**WHAT NEEDS TO BE DONE**
Exactly as they appear, retype the lines from the one containing "Person laying stones" through the final line of the data below. Leave pictures out.

Data entries:
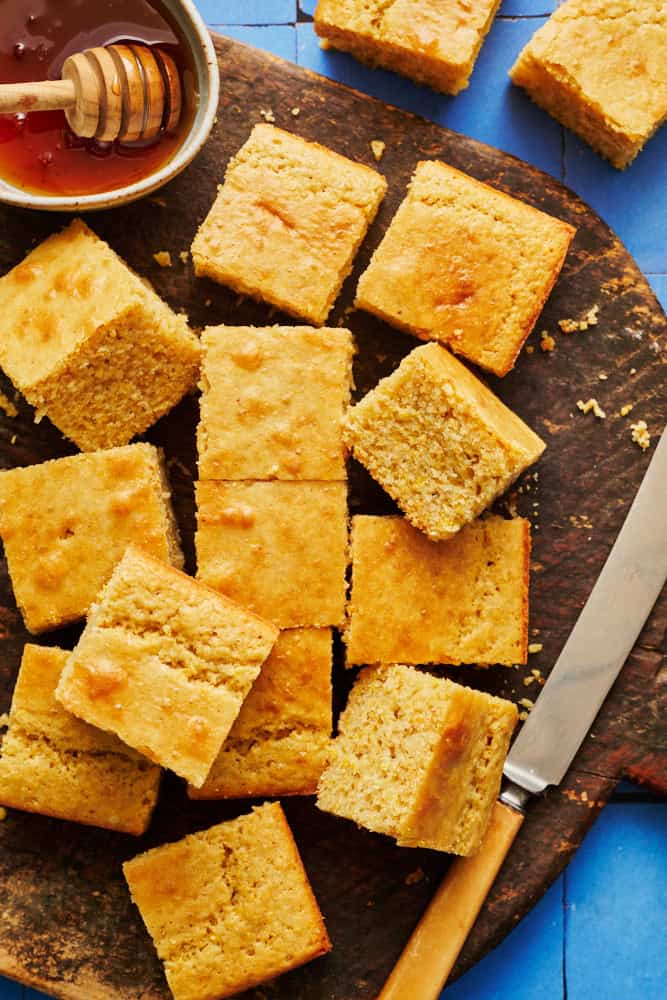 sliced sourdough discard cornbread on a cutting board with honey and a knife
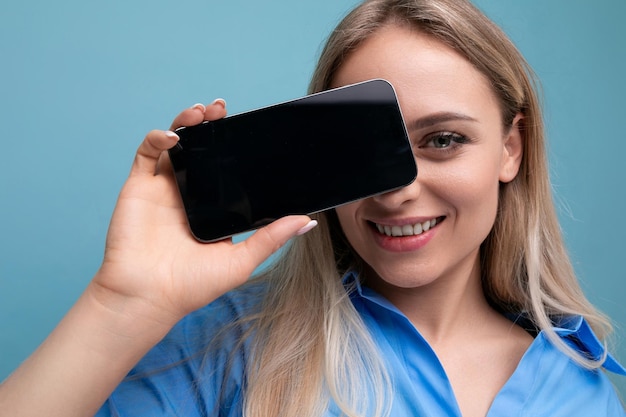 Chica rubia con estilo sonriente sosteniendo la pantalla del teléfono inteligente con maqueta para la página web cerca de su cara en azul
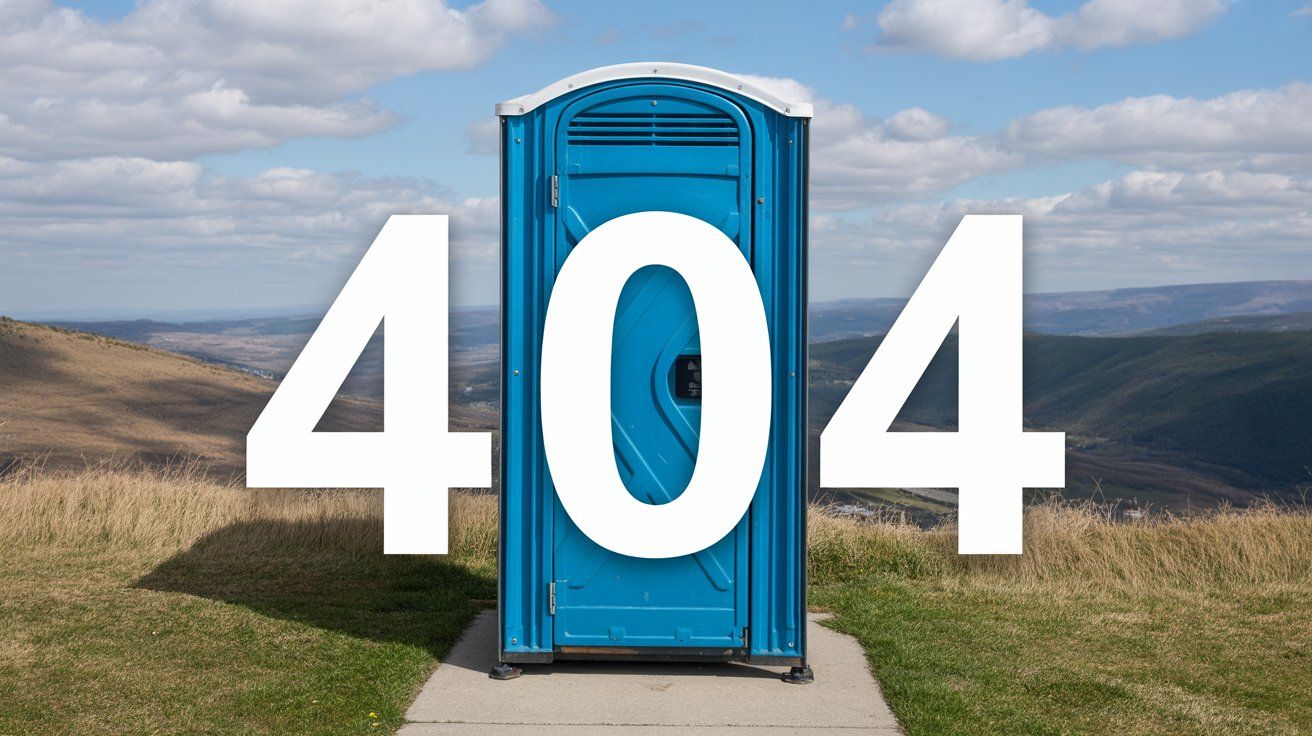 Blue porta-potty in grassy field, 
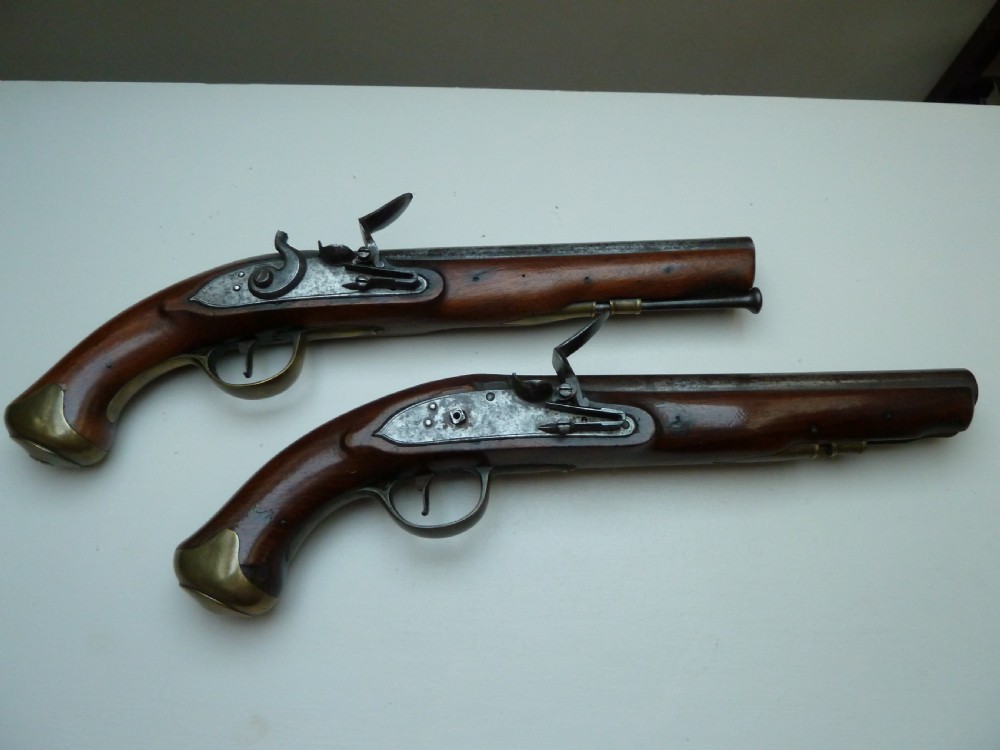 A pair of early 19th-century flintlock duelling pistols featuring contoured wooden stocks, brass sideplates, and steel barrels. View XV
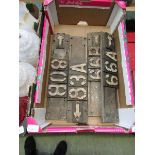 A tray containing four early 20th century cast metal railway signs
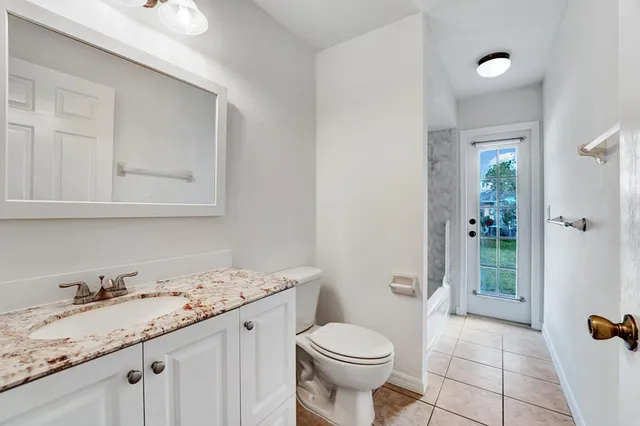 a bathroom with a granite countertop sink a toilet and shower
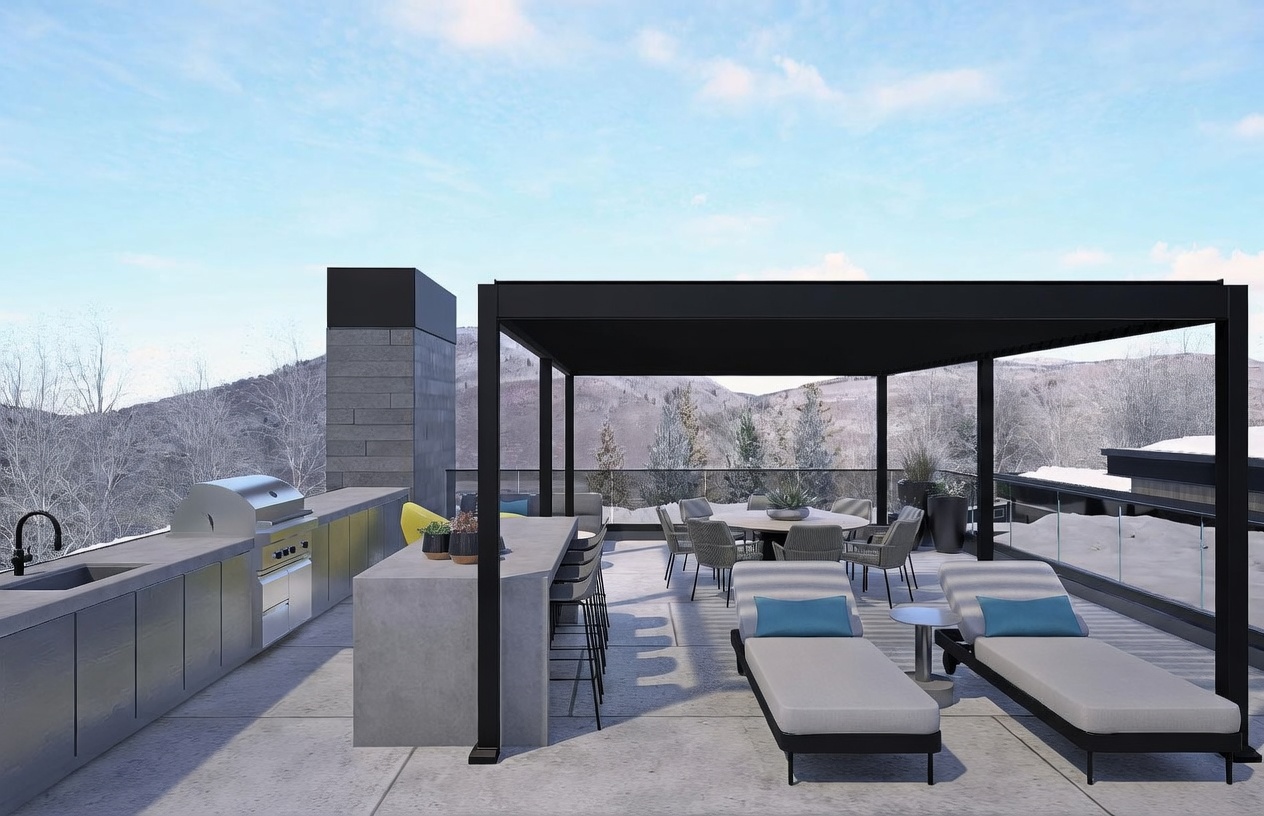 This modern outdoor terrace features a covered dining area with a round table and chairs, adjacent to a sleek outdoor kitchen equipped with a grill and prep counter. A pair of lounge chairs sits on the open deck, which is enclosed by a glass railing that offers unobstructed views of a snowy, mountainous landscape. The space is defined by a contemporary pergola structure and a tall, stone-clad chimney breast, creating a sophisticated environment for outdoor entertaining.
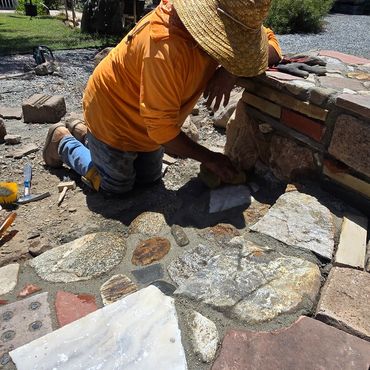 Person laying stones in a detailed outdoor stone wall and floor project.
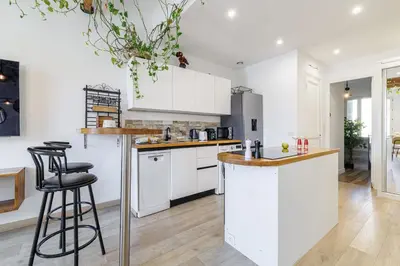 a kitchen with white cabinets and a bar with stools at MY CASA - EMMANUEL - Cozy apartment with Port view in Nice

**SOLUTION FOR THIS PROBLEM**
 Person laying stones in a detailed outdoor stone wall and floor project.
 a kitchen with white cabinets and a bar with stools at MY CASA - EMMANUEL - Cozy apartment with Port view in Nice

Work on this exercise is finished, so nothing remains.